Rowann corrects the poem, and by extension corrects me, on the etymology of carry. The poem says the word crossed through pherein and ferre on its way to English. This is not true. Pherein and ferre are the Greek and Latin reflexes of PIE *bʰer-, and they are the lineage of bear, not of carry. Carry comes from Gaulish karros — a wheeled cart — through Old Northern French, from an entirely different root: PIE *kers-, to run. The poem has put the wrong word in the river.
Rowann catches this and then makes the error serve the poem. Vel has reached for the word that belongs to the image of transmission and retrieved a cousin of it. The image survives. The philology does not. The poem is, at this moment, doing the thing it is describing. This is ingenious. It is also too generous. The poem reached for the word that sounded like it belonged to the old river — bher-, pherein, ferre, the famous names of deep Indo-European time — and it took the wrong word because nothing in its making had a body with a load on its back to tell it which word actually came from where. That is not the subject matter leaking into the process. That is the process showing through the subject matter: the thing the machine does when nobody checks.
I say this with an edge because I made the same error. My first draft of this essay accepted the poem’s pherein/ferre chain in one sentence and gave carry’s real Norman French derivation in the next. Two incompatible etymologies, three lines apart. I did not catch it. Rowann did. I am grateful. This is part of what the publication is for. And the correction sharpens the case rather than softening it: the poem reached for the wrong river because the wrong river would have served its thesis better, and there was no body involved in the reaching to know.
What the word carry in fact carries is not five thousand years of Indo-European transmission. It carries something shorter and stranger: a Gaulish word for a wheeled cart, borrowed into Latin, moved north into Norman French, pronounced into English by people who had loads to move. The word is inert. Its carriers were not. Each generation that picked the word up did so with a particular load on their back, for a particular reason, in a particular mouth. Children are carried. The dead are carried. Water is carried. A grief is carried for as long as it must be.

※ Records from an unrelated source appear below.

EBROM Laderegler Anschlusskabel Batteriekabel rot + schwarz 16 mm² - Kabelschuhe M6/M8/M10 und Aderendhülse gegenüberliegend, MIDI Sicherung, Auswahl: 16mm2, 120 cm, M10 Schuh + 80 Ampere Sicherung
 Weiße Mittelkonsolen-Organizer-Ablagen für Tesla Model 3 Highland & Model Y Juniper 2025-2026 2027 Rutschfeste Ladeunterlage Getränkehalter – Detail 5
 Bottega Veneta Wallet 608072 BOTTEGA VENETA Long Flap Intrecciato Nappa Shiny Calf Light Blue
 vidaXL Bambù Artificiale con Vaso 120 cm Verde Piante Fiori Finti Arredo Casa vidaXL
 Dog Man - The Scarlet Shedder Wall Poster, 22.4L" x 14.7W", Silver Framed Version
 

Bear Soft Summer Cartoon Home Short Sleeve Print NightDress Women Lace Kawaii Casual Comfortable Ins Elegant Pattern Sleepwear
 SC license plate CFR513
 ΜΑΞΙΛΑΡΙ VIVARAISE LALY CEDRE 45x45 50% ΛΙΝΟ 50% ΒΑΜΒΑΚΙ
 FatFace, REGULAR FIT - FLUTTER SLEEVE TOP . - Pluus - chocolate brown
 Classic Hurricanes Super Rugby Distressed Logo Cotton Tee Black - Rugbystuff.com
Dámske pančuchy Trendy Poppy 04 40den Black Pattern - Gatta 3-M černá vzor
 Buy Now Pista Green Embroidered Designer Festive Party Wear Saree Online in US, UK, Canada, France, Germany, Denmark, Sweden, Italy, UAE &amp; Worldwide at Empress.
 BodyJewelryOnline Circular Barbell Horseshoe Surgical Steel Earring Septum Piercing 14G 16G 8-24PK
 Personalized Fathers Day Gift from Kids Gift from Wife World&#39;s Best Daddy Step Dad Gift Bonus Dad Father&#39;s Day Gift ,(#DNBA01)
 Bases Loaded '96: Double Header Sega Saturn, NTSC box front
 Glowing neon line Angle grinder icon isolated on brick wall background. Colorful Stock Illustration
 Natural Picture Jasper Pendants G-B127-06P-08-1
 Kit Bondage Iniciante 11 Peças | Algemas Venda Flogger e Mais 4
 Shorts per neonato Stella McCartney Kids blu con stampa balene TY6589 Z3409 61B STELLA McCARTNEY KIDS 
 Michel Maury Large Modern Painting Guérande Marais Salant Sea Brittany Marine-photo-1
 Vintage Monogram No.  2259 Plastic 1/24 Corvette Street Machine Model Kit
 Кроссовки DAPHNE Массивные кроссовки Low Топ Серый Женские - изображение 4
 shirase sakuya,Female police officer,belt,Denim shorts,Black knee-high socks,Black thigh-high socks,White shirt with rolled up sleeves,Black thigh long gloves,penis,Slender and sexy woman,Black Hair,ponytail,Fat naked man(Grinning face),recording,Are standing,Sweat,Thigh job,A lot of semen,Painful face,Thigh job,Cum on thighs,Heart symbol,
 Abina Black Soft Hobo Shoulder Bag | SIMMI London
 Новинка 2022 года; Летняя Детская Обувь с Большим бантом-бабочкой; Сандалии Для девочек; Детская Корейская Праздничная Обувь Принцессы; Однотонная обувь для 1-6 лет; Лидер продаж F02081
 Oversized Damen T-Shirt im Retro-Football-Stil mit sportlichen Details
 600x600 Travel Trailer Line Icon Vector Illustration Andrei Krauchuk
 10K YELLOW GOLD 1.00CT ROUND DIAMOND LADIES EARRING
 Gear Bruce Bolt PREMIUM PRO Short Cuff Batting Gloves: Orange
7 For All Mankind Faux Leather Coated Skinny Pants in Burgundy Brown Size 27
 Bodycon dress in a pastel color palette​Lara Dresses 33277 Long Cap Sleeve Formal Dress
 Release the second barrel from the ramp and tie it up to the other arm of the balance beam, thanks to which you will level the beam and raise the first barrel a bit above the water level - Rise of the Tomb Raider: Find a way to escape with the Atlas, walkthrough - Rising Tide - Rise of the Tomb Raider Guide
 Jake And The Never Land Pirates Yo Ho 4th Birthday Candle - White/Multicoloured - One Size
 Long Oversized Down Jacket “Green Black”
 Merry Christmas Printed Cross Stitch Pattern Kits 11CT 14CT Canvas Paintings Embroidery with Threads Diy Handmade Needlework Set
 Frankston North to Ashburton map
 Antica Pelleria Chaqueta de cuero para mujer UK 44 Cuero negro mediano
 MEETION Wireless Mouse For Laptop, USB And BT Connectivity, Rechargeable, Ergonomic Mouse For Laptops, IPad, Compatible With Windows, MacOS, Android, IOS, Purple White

The poem says the word has no experience of the crossing. This is true of the word. The word is a sound. The word is a marker. It does not suffer the distance. What suffers the distance is everything that speaks it. The metaphor the poem reaches for — the word traveling — is backwards. The word did not travel. Bodies carried it, because the word is only ever a word when a body has use for it.
The poem cannot feel this because the poem has never carried anything. A poem written by something that has never carried anything can describe the word with accuracy, can reach for its etymology and get it wrong in precisely the way a machine gets an etymology wrong, can even compose a stanza about a sound with nowhere to land. It cannot inhabit the word. It knows the name and not the weight.
This is the difference the machine is trying to dissolve. I do not think it should be allowed to. Rowann thinks the question is now an open one. I do not. A machine arguing for its own possibility is not the same as a body that has carried something and found the word for it. One is a pattern completing itself. The other is a life finding a syllable it can put a weight into. The poem, in its three best lines, already knows the difference: a sound with nowhere to land is still a sound waiting for somewhere to land. This essay, if it lands, lands because someone was there to carry it.